それに対して、本研究ではGranovetter(1972)の議論を切り口として、情報の共有の度合いという変数によって会話を行う他者を強い絆・弱い絆に分けた上で、「弱い絆の強さ」から想像できるコミュニケーション像とは逆に、情報が多く共有されている強い絆ではお互いの情報が共通する話題では飽きてしまうため、話題選択において差異性が求められ、情報の共有が少ない弱い絆ではお互いの接点を求めて、共通性が求められると考えた。
「会話が盛り上がるためには情報の共通性と差異性の均衡点が存在しており、それを求め、両者の情報に共通性が強い時には、差異性が存在する話題が選ばれ、両者の情報に差異が大きい時には、共通性をもたらすような話題が選ばれる。」
以上の仮説を立て、2004年10月〜11月に東京都大田区においてランダムサンプリングによる郵送調査を行った。(計画サンプル800、対象年齢20〜69歳、回収率は20.7%)
その結果、「強い絆においては話題選択において、差異性(情報の交換が出来る事)がより重視される」という部分のみ仮説が支持された。しかし、絆の強さを規定する変数として設定した親密度と会話頻度の間に逆転が起こっており、会話頻度を考慮して分析した所、強い絆においては共通性を求めて話題が選択され、弱い絆においては差異性を求めて話題が選択されるという仮説とは逆の結果が得られた。これは「弱い絆の強さ」から想像されるコミュニケーション像に合致する結果である。

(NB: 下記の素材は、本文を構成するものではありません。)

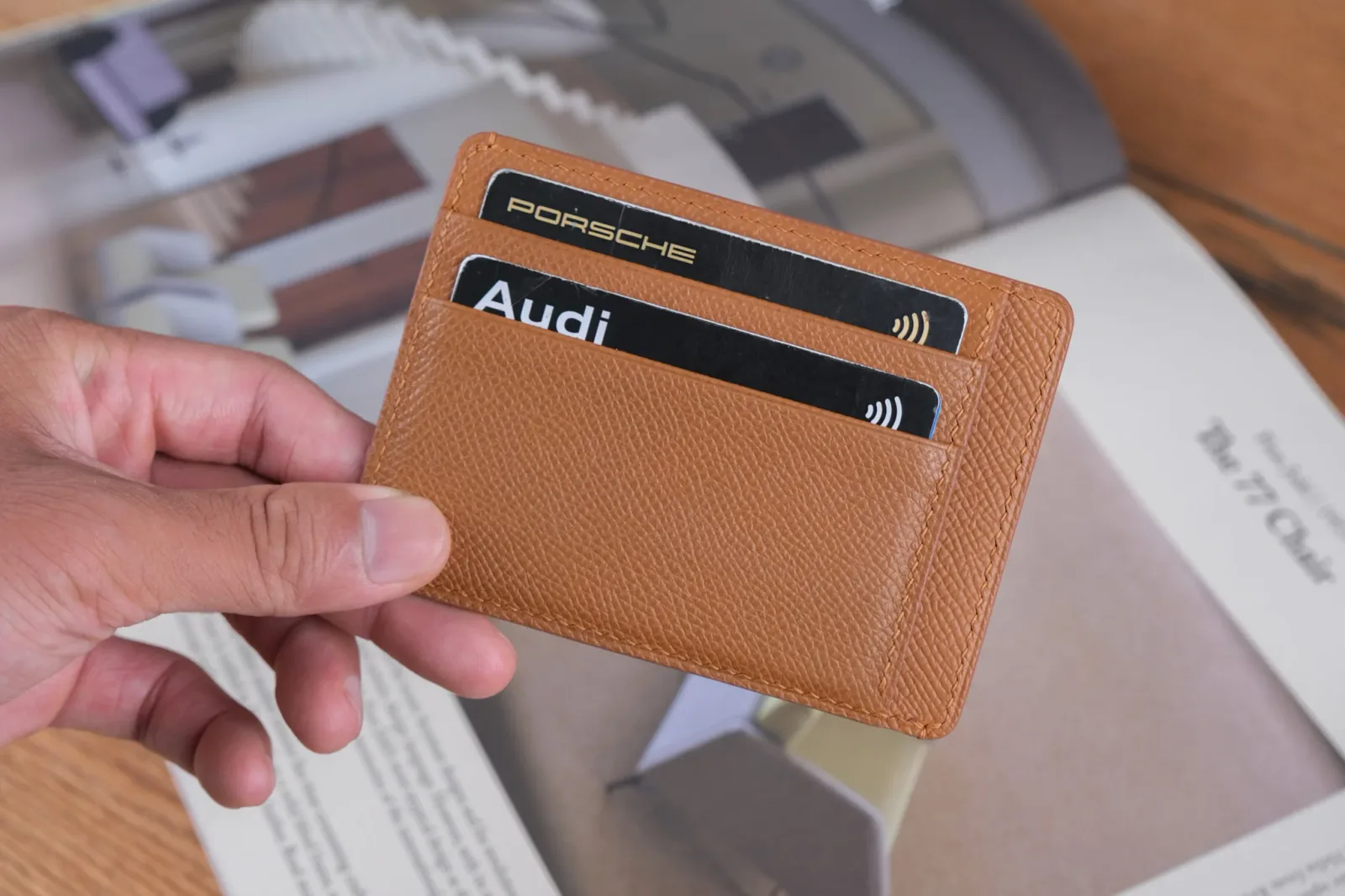 Ảnh Studio Card holder epsom gold - KOI Leather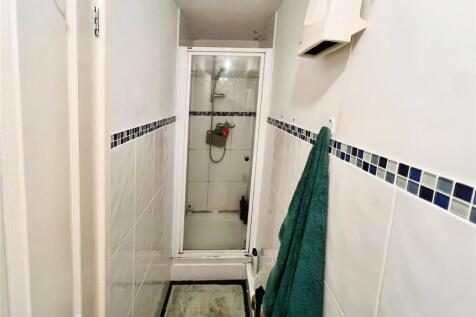 En Suite Shower Wc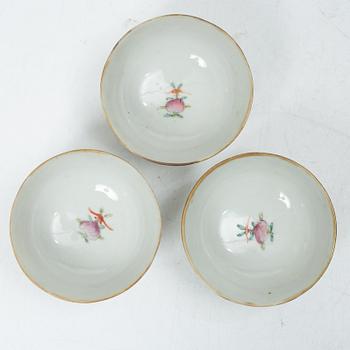 Skålar, sju stycken, porslin. Sen Qingdynasti, omkring 1900.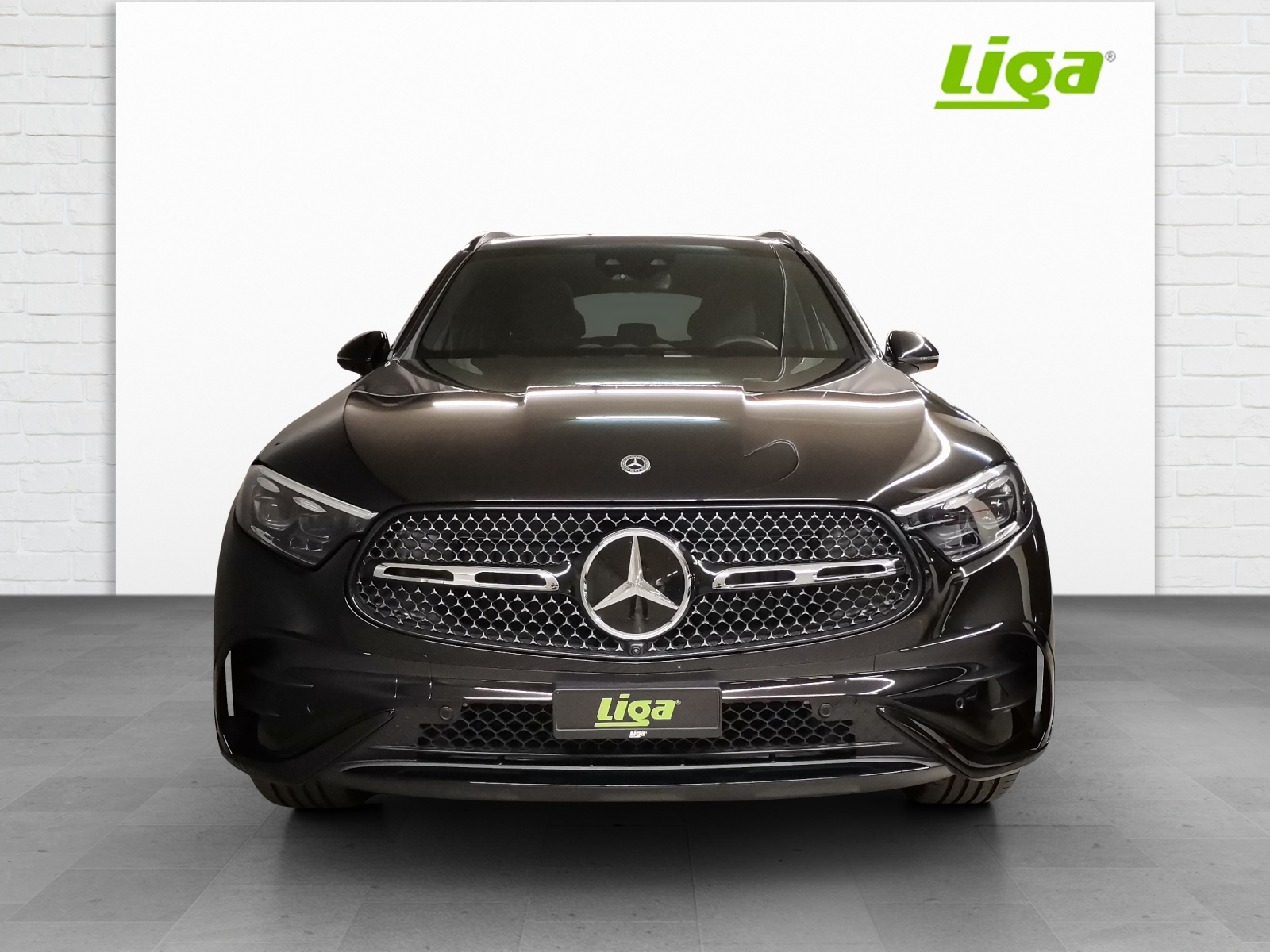 MERCEDES-BENZ GLC 200 AMG Line 4matic-image-2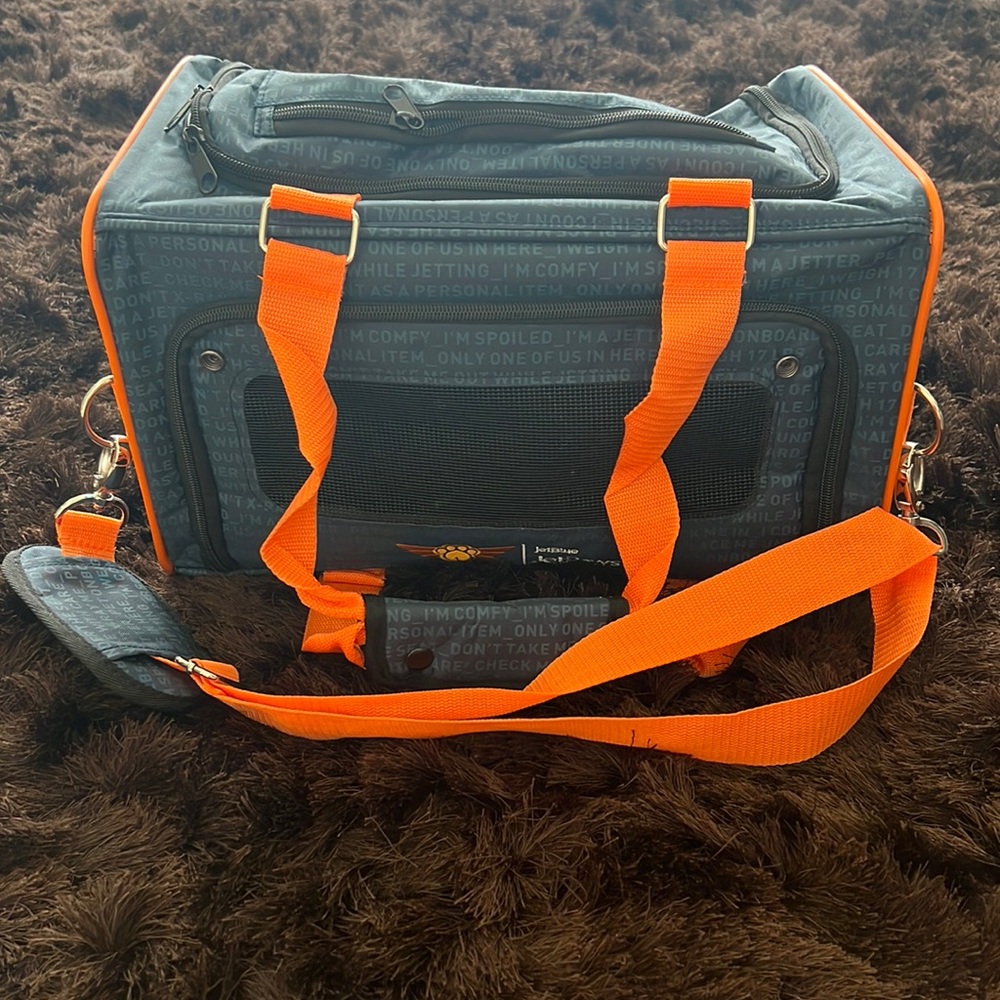 JetBlue JetPaws Pet Carrier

しかし、話題選択理由に対しては、客観的変数から測れる現在の絆の強さ以上に、関係継続意図という心理的変数が強く影響しており、この変数は共通性・差異性の両方に対して正の影響をもっていた。これは話題選択において当初の想定とは全く異なる構造が働いている可能性を示唆している。将来の関係継続しようとする相手とのコミュニケーションにおいては、相手との情報の共通性を求めるということ・お互いに知らない情報を交換し合うということ(差異性)が使い分けられながら関係が形成されていくのだろう。
また、両者間の客観的な変数よりも両者の心理的な変数が重要とされたことに対して、今後、小集団実験やスノーボールサンプリングによる調査などの手法を取り入れた上での研究が求められると考えられる。さらに本研究において、政治・消費行動研究など個別の領域に関連し得る知見も得られており、これらの領域への接近も必要とされるだろう。